On remote weaves
Martin Pool
mbp at sourcefrog.net
Fri Aug 5 22:37:31 BST 2005
On 2 Aug 2005, John A Meinel <john at arbash-meinel.com> wrote:
> After reading the spec, sftp really just seems like a remote filesystem.
> It has open/read/write/close/lock etc.
>
> I feel that development should proceed on making SftpTransport fully
> utilize the sftp protocol, since it gives us pretty much everything we
> need for handling remote branches like they are local ones (no bzr
> specific server).
Yes, it's very nice, and I agree that we should concentrate on sftp
before doing a smart server.
We can pipeline sftp on a single connection to get pretty fast
performance. Have you looked at all at linking to paramiko?
By the way you should check out the lftp interactive multiprotocol
client, which has a mildly amazing implementation of it with multiple
background jobs run in the background.
> I don't really like plain ftp either. Just thinking that some people
> might have upload space, accessible over ftp, but not over sftp.
> It isn't a priority for me, but if ftp has the same level of support
> that sftp has, it seems it would be possible to make some people
> happy.
You could do ftp over ssl to avoid the password problem, but from where
I stand that's pretty much obsolete in favour of sftp.

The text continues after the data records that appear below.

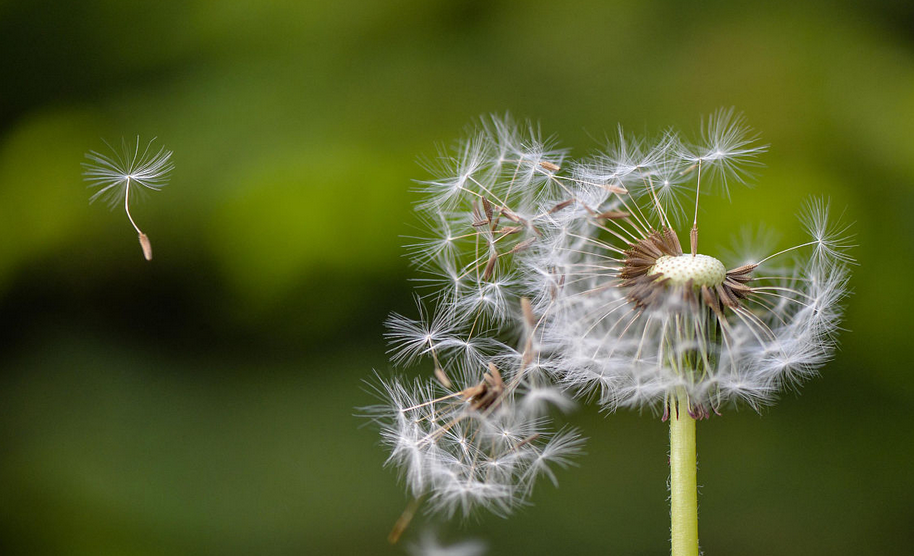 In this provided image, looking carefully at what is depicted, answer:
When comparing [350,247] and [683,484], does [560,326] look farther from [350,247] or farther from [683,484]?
[350,247]

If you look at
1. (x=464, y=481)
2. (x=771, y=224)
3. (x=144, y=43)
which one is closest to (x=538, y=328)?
(x=464, y=481)

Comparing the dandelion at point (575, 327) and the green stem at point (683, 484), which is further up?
the dandelion at point (575, 327)

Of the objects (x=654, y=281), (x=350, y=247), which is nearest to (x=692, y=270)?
(x=654, y=281)

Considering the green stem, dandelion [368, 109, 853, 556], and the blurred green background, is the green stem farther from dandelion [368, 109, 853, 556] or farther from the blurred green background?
the blurred green background

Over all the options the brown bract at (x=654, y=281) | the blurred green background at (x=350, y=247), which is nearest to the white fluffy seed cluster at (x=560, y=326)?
the brown bract at (x=654, y=281)

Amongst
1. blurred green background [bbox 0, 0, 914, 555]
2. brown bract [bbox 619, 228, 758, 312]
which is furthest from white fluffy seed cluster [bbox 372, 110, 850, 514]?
blurred green background [bbox 0, 0, 914, 555]

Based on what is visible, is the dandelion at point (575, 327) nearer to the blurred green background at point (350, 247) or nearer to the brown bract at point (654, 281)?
the brown bract at point (654, 281)

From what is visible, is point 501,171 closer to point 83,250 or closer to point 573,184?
point 573,184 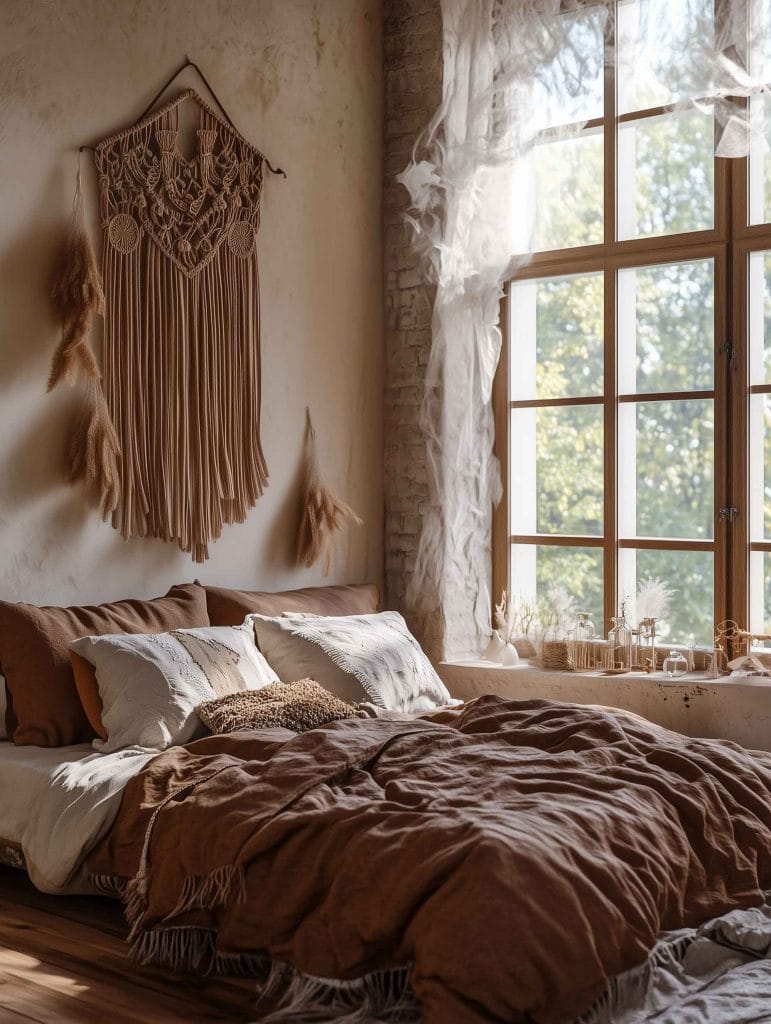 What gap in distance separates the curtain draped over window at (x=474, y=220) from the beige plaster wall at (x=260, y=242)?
1.06 ft

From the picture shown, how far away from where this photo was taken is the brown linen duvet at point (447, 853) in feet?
7.09

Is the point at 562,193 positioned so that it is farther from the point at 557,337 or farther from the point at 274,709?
the point at 274,709

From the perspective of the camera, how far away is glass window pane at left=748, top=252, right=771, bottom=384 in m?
4.43

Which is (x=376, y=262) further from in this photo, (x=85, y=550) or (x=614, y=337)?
(x=85, y=550)

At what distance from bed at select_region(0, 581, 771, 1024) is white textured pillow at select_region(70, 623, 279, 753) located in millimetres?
79

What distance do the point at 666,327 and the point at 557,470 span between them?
754 mm

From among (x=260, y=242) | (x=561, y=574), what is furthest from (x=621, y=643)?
(x=260, y=242)

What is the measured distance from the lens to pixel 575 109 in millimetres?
4828

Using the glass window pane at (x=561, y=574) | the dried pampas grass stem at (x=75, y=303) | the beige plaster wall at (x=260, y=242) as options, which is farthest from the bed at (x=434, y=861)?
the glass window pane at (x=561, y=574)

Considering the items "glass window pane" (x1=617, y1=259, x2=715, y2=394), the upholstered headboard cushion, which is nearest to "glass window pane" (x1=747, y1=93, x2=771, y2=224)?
"glass window pane" (x1=617, y1=259, x2=715, y2=394)

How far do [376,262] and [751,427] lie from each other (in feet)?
5.96

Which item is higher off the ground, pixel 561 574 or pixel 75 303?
pixel 75 303

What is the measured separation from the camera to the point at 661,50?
175 inches

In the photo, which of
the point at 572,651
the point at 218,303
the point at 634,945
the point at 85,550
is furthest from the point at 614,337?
the point at 634,945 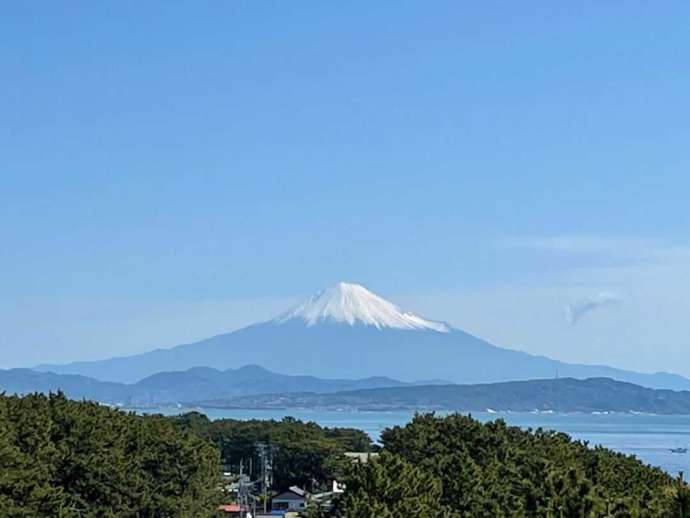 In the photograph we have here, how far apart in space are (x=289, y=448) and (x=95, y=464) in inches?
803

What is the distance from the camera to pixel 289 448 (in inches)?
2068

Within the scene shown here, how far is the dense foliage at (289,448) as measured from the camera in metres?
51.7

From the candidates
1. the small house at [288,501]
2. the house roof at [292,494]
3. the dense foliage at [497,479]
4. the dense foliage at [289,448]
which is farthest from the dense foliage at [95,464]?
the dense foliage at [289,448]

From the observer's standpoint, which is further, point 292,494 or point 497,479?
point 292,494

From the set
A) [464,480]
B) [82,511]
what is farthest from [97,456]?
[464,480]

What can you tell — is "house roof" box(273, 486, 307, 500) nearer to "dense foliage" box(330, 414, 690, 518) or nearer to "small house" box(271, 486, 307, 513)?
"small house" box(271, 486, 307, 513)

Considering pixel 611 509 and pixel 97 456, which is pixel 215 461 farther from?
pixel 611 509

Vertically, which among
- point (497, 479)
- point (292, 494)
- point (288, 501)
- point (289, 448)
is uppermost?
point (289, 448)

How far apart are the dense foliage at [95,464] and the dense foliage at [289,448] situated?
10.7m

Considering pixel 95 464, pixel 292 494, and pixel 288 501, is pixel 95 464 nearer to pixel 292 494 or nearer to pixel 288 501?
pixel 288 501

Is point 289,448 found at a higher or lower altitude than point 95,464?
higher

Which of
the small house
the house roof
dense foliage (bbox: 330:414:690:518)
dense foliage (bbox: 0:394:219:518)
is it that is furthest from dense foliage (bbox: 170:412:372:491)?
dense foliage (bbox: 0:394:219:518)

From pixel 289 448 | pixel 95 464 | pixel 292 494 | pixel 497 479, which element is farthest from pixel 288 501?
pixel 497 479

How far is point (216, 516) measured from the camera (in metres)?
36.8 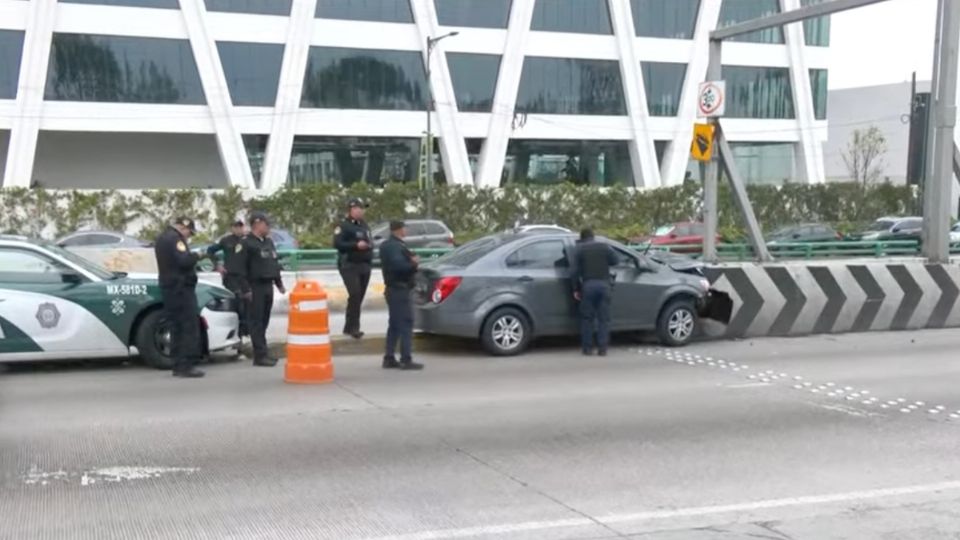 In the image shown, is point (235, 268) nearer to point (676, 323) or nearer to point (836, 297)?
point (676, 323)

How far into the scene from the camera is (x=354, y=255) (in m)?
13.2

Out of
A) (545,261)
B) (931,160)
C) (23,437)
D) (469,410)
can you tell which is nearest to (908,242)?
(931,160)

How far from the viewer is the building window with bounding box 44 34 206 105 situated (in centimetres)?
4369

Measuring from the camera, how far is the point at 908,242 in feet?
107

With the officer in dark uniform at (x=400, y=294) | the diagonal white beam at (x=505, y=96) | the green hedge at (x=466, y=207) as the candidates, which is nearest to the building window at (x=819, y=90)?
the green hedge at (x=466, y=207)

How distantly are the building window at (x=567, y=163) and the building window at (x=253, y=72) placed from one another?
43.5 ft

> Anything using XML-RPC should be designed as a SmartServer, which deals
> in much higher concepts possibly just plain changesets, possibly
> something else.
Yes, I agree.
> The other part with the current serialized form of changesets, is that
> they are meant to be human readable, not maximally packed for transfer
> and machine understanding.
> It could certainly be easier to pack up Python objects in a pickle, and
> pass them across. I'm guessing that would be less cpu intensive than
> parsing an ascii text file.
Right. cPickle warns that it's not safe to unpack untrusted data, but
for people connected over ssh that's fairly OK.